Here is an explanation of the use case I have for such a feature. My company has a CRM system that is used to log customer orders but the data entry is done by various stakeholders and business units. There are silos of entry method between for different business units as well as business unit customer combinations. Sometimes a PO number field will be input without the line id. Sometimes the customer's tool id name is entered in differently than what the customer calls it but the PO is correct. I've tried normalizing for different methods of "manual key value input" but it only goes so far. For example, I did cleanup on various methods in which PO values are input and came up with 42 different rules. Someone is always going to come up with a new way to enter something that hasn't been done before and break a cleanup rule.
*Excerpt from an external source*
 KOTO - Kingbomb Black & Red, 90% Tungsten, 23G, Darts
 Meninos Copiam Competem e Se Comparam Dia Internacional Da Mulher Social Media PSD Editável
But, there is a decent chance among several different matching criteria I can back into a combination that will give me a proper join.

Anyway, sorry if this idea is way out there. I was just brainstorming a bit while working through some reporting I am doing for sales.
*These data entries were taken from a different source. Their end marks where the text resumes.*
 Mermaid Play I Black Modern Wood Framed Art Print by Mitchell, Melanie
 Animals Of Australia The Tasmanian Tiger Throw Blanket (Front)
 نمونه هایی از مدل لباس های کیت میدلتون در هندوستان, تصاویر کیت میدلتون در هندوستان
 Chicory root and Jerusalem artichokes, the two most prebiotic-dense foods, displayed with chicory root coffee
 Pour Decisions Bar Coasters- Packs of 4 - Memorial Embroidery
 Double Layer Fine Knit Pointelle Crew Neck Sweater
Also, the new profile feature and the merge action is amazing. I am really loving it so far. I am actually going to use the visual it provides in a meeting to encourage some operational behavior changes. I have built error type tables to isolate join failures etc before but it never conveys well to the business folks. Now with this tool I can take a screenshot and have a proper conversation about it visual with colors that operations managers will understand. And the added bonus of being able to pop out the records into a sandbox is icing on the cake.

As always, thanks Easymorph team!

Best wishes,

Perk

dgudkov · December 4, 2024, 12:00am

That's an interesting question.

If matching by at least one key column (out of N) is considered reliable, then unpivoting keys can be a simple way to do matching (and merge), as in this case we reduce matching to strict two-column matching. See the example below.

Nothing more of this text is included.